HNSW Index
Hierarchical Navigable Small World
A graph-based index and the go-to choice for low-latency approximate nearest neighbor search — delivering state-of-the-art speed and recall at the cost of higher memory usage
How It Works
HNSW builds a multi-layer graph structure where each node represents a vector and edges connect nodes based on similarity.
- Layers form a hierarchy 🪜
- Upper layers are sparse and act as "highways" for fast long-range navigation.
- Lower layers are dense and provide fine-grained local neighborhood connectivity.
- How search works (coarse → fine) 🔍
- Start from an entry point at the top layer.
- At the current layer, you greedily walk to neighbors that are closer to the query vector, until you can't get any closer.
- Then you drop down one layer at that position and repeat the same greedy search.
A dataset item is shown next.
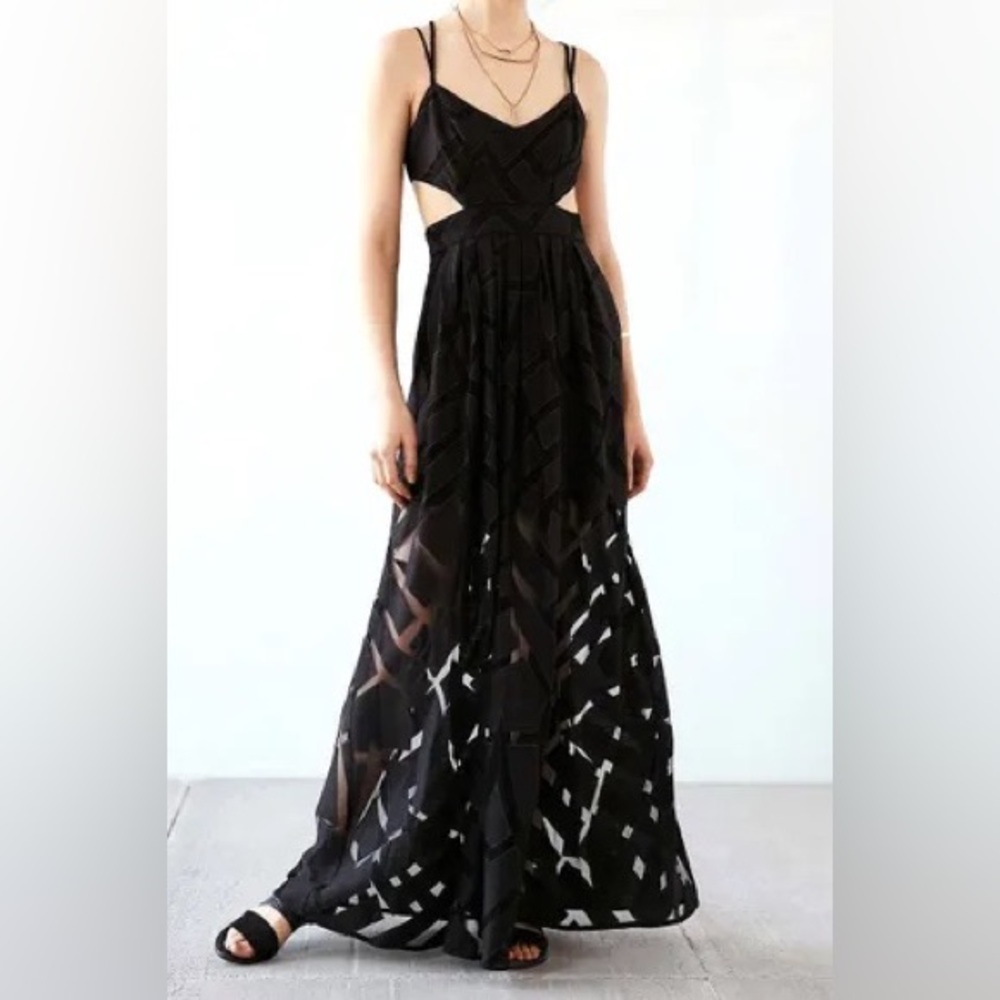 Silence + Noise Maxi dress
- On the lowest layer, this process is done more carefully (with a small candidate list) to refine the result.
- Why this is fast and accurate ⚡ 🎯
- Fast: Upper layers let you jump quickly to the right region without visiting most points.
- Accurate: The dense bottom layer lets you explore the local neighborhood thoroughly, so recall stays high.
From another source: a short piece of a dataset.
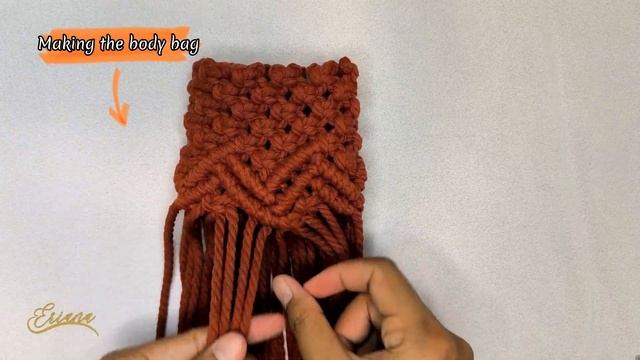 DIY how to make Macrame phone bag || sling bag || Cross body bag || Macrame tutorial for beginners смотреть онлайн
When to Use an HNSW Index?
- ✅ Real-time, low-latency applications (e.g., conversational AI and live recommendations)
- ✅ Production systems requiring consistent high recall with minimal latency
Best Practice: HNSW is our recommended default for most production use cases. It strikes an excellent balance between speed, accuracy, and robustness.
Advantages
- ✨ Near-logarithmic query time — Typically O(log n) for large datasets
- ✨ Consistently high recall across diverse data distributions
- ✨ Faster indexing than many alternatives (e.g., IVF-based methods)
Trade-offs
- ⚠️ Higher memory footprint — Graph links require additional storage (scales with
m) - ⚠️ Indexing complexity of O(n log n) — Slower build time than Flat index (but often faster than IVF)
Key Parameters
Tuning Tip:
Start with defaults, then adjust ef first for recall/latency trade-offs.
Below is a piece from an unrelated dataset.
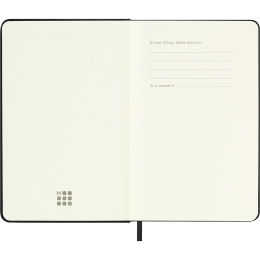 Kalender 12M Weekly Vertical 2026 Hardcover Pocket Black i gruppen Papir & Blok / Kalendere / 12 mdr kalendere hos Pen Store (136131)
Only if needed, increase ef_construction or m for better accuracy — but expect slower indexing and higher memory use.
Index-Time Parameters
| Parameter | Description | Tuning Guidance |
|---|---|---|
metric_type | Similarity metric used to compare vectors | Choose based on how your embeddings were trained |
m | Max neighbors per node — The maximum number of bidirectional links created for each node during graph construction | • Higher m → ✨ better recall and graph connectivity ⚠️ more memory usage and higher latency for both indexing and search |
ef_construction | Index-time candidate pool size — Determines how many neighboring candidates the algorithm considers when inserting a new vector into the graph | • Higher ef_construction → ✨ better graph quality and higher recall ⚠️ longer index build time (does not affect query speed) |
quantize_type | Vector quantization method to apply Defaults to no quantization | See Quantization for more details |
Query-Time Parameters
| Parameter | Description | Tuning Guidance |
|---|---|---|
ef | Query-time candidate pool size — Determines how many potential neighbors are explored at each step during graph traversal at query time | • Higher ef → ✨ higher recall ⚠️ higher query latency |
radius | Distance (similarity) threshold for range-based filtering — only documents satisfying the threshold are returned | Example: • With inner product MetricType.IP, set radius=0.6 to keep only results with score > 0.6 ✅ Use when: You want to filter out low-quality matches 🚫 Skip when: You want all top-k results, regardless of quality |
is_linear | Forces a brute-force linear search instead of using the index | 🐌 Very slow for large datasets! ✅ Only use for: Debugging, tiny collections, or verifying index accuracy |
is_using_refiner | Enables exact score refinement (recomputes exact similarity scores) for top candidates — useful when vectors are quantized | ✅ Turn on: When you need higher accuracy ⚠️ Adds latency due to exact re-scoring |